26.3 C
Manaus
sábado, novembro 23, 2024

Principais mudanças dependem de novas leis, explica Senado sobre reforma tributária

A pendência dessas novas regras gera divergências entre parlamentares sobre o impacto da reforma no aumento ou na diminuição de impostos sobre o consumo

Por

Com a primeira reforma ampla do sistema tributário realizada sob a Constituição Federal de 1988, os parlamentares esperam simplificar a cobrança de impostos sobre o consumo para incentivar o crescimento econômico. A promulgação da Emenda Constitucional 132 nessa quarta-feira (20) estabelece as bases de uma longa transição para unir impostos sobre o consumo de estados e municípios, acabar com a guerra fiscal e dar mais transparência aos tributos pagos.

A emenda é oriunda da Proposta de Emenda à Constituição (PEC) 45/2019, relatada no Senado pelo senador Eduardo Braga (MDB-AM).

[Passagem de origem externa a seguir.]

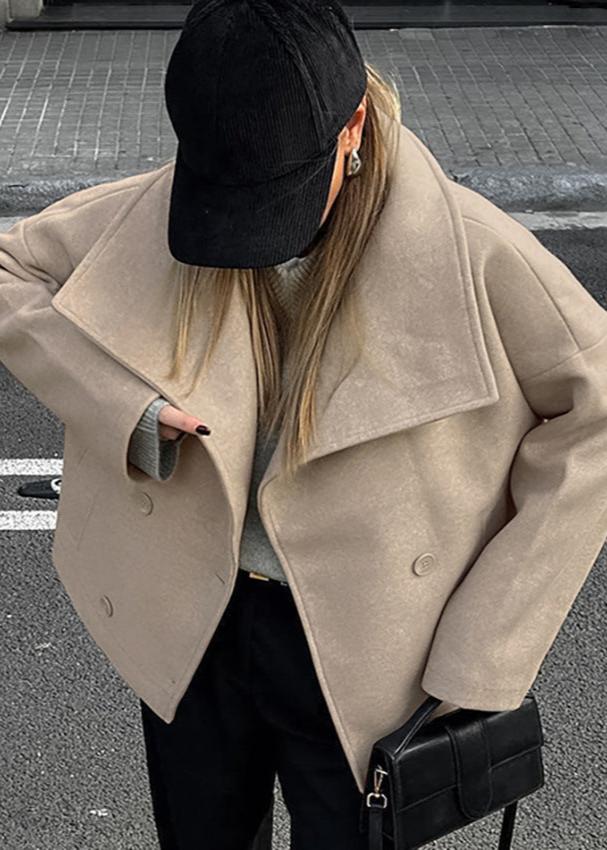 Minimalist Wool Blend Short Coat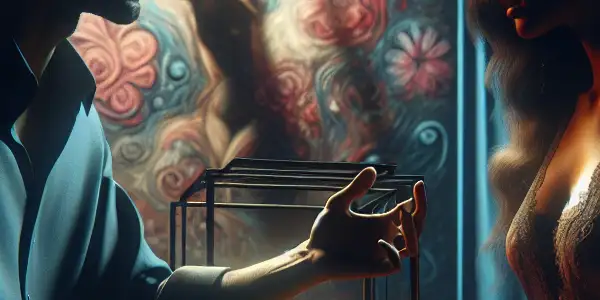 A tense interaction between two characters in a dimly lit, atmospheric setting, evoking suspense and desire.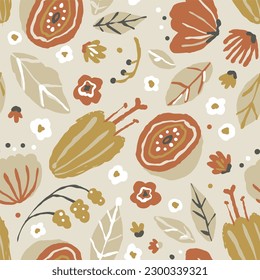 Creative floral seamless pattern in sketch style. Vector hand drawn illustration of blooming flowers and herbs in a limited earthy palette. Abstract background for printing textile, packaging, fabric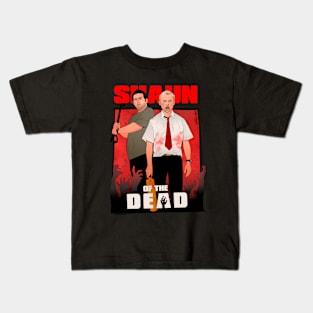 Shaun and Ed ready to kill zombies Kids T-Shirt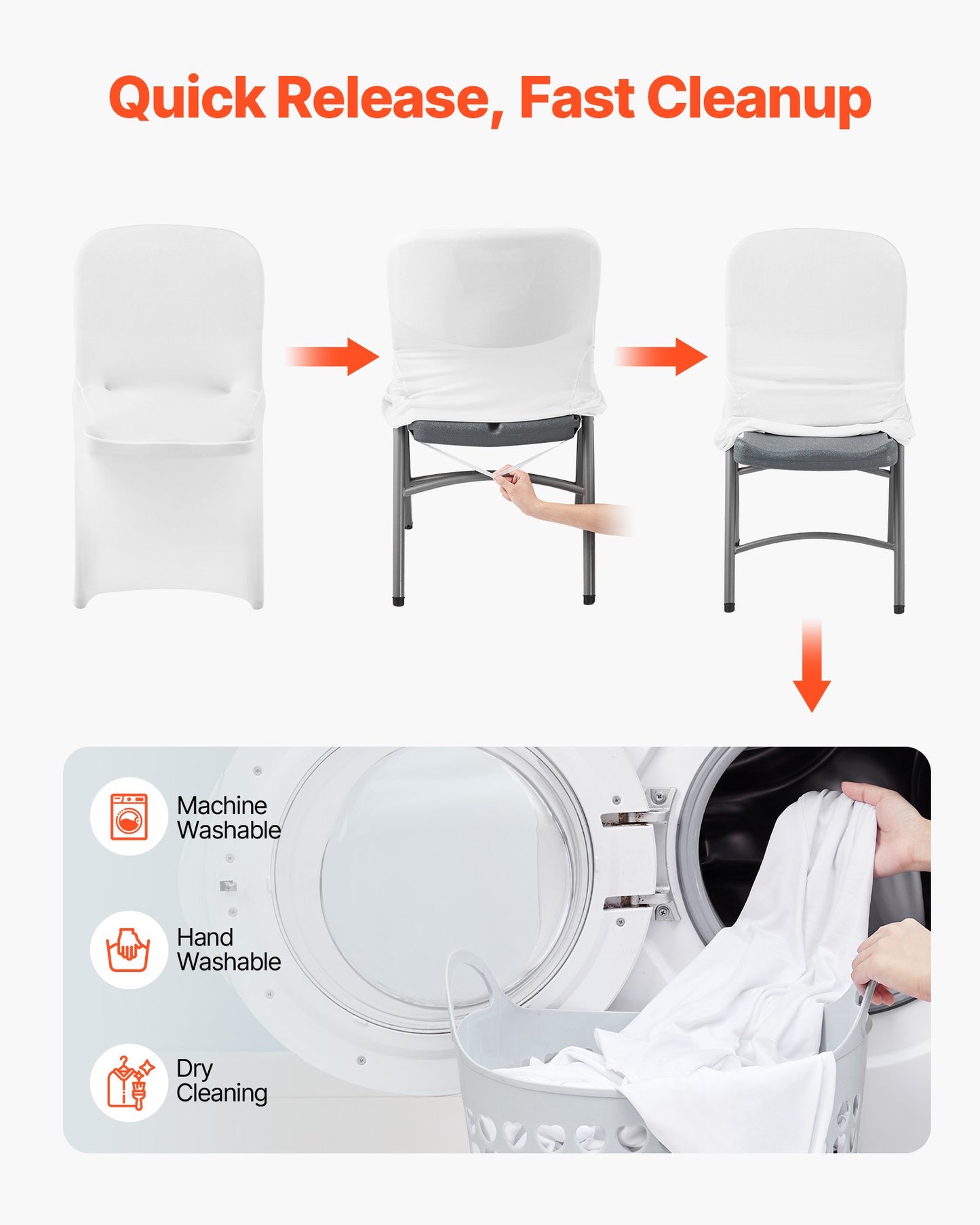 30 Pcs White Chair Covers, Polyester Spandex Chair Cover, Stretch Slipcovers for Wedding Party Dining Banquet Flat-Front Chair Covers, Fits Chair Measures up to 18.11 x 19.69 x 33.86 inch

O principal efeito da aprovação é a unificação, a partir de 2033, de cinco tributos — ICMS, ISS, IPI, PIS e Cofins — em uma cobrança única, que será dividida entre os níveis federal (CBS: Contribuição sobre Bens e Serviços) e estadual/municipal (IBS: Imposto sobre Bens e Serviços).

Aumento ou diminuição

Para a concretização das mudanças, o Congresso Nacional ainda deverá aprovar, nos próximos anos, leis complementares para regulamentar as alterações trazidas pela emenda e para instituir a CBS e o IBS. A pendência dessas novas regras gera divergência entre parlamentares sobre o impacto da reforma no aumento ou diminuição de impostos sobre o consumo. Pelos cálculos de Braga, o brasileiro não pagará mais aos governos. Para garantir isso, ele criou uma “trava de referência”, a fim de que os novos tributos possam ser diminuídos em 2030 e 2035, caso haja aumento da carga tributária proporcionalmente ao PIB.

A estimativa do ministro da Fazenda, Fernando Haddad, é que a alíquota final da CBS e IBS seja em torno de 27,5%. A CBS e o IBS serão tributos do tipo Imposto sobre Valor Agregado (IVA), que acaba com o “efeito cascata”, capaz de levar um mesmo imposto a ser pago várias vezes durante o processo de produção ou de comercialização do mesmo bem.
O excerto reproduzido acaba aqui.